Running compiled C program that does just an execv call yields:
$ cat test-runner.c
void main() {
if (execv("./target-script", 0) == -1)
perror();
}
$ ./test-runner
./target-script: Exec format error
However, if I do the same thing from another shell script, it runs the target script using the same shell interpreter as the original one:
$ cat test-runner.bash
#!/bin/bash
./target-script
$ ./test-runner.bash
Hello
bash: 4.1.0(1)-release
zsh:
If I do the same trick with other shells (for example, Debian's default sh - /bin/dash), it also works:
$ cat test-runner.dash
#!/bin/dash
./target-script
$ ./test-runner.dash
Hello
bash:
zsh:
Mysteriously, it doesn't quite work as expected with zsh and doesn't follow the general scheme. Looks like zsh executed /bin/sh on such files after all:
greycat#burrow-debian ~/z/test-runner $ cat test-runner.zsh
#!/bin/zsh
echo ZSH_VERSION=$ZSH_VERSION
./target-script
greycat#burrow-debian ~/z/test-runner $ ./test-runner.zsh
ZSH_VERSION=4.3.10
Hello
bash:
zsh:
Note that ZSH_VERSION in parent script worked, while ZSH_VERSION in child didn't!
How does a shell (Bash, dash) determines what gets executed when there's no shebang? I've tried to dig up that place in Bash/dash sources, but, alas, looks like I'm kind of lost in there. Can anyone shed some light on the magic that determines whether the target file without shebang should be executed as script or as a binary in Bash/dash? Or may be there is some sort of interaction with kernel / libc and then I'd welcome explanations on how does it work in Linux and FreeBSD kernels / libcs?

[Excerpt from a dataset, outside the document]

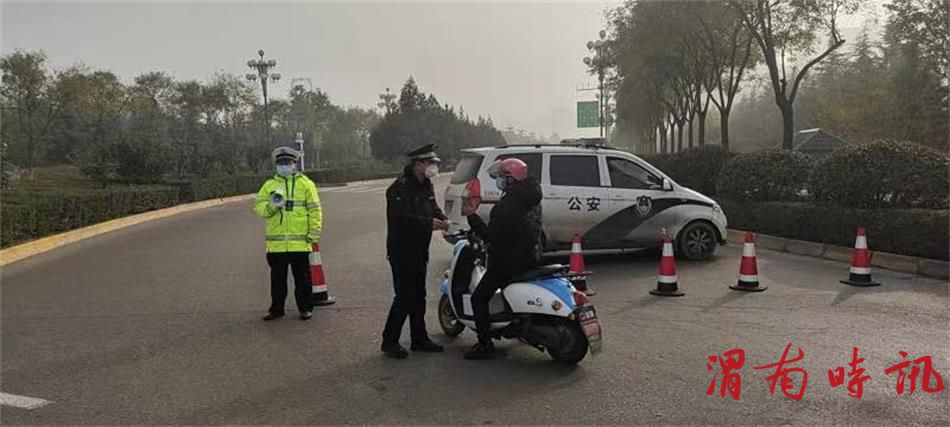 韩城公安交警巧用“小喇叭”    防疫、交安宣传两不误(图5)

Since this happens in dash and dash is simpler, I looked there first.
Seems like exec.c is the place to look, and the relevant functionis are tryexec, which is called from shellexec which is called whenever the shell things a command needs to be executed. And (a simplified version of) the tryexec function is as follows:
STATIC void
tryexec(char *cmd, char **argv, char **envp)
{
char *const path_bshell = _PATH_BSHELL;
repeat:
execve(cmd, argv, envp);
if (cmd != path_bshell && errno == ENOEXEC) {
*argv-- = cmd;
*argv = cmd = path_bshell;
goto repeat;
}
}
So, it simply always replaces the command to execute with the path to itself (_PATH_BSHELL defaults to "/bin/sh") if ENOEXEC occurs. There's really no magic here.
I find that FreeBSD exhibits identical behavior in bash and in its own sh.
The way bash handles this is similar but much more complicated. If you want to look in to it further I recommend reading bash's execute_command.c and looking specifically at execute_shell_script and then shell_execve. The comments are quite descriptive.
(Looks like Sorpigal has covered it but I've already typed this up and it may be of interest.)
According to Section 3.16 of the Unix FAQ, the shell first looks at the magic number (first two bytes of the file). Some numbers indicate a binary executable; #! indicates that the rest of the line should be interpreted as a shebang. Otherwise, the shell tries to run it as a shell script.
Additionally, it seems that csh looks at the first byte, and if it's #, it'll try to run it as a csh script.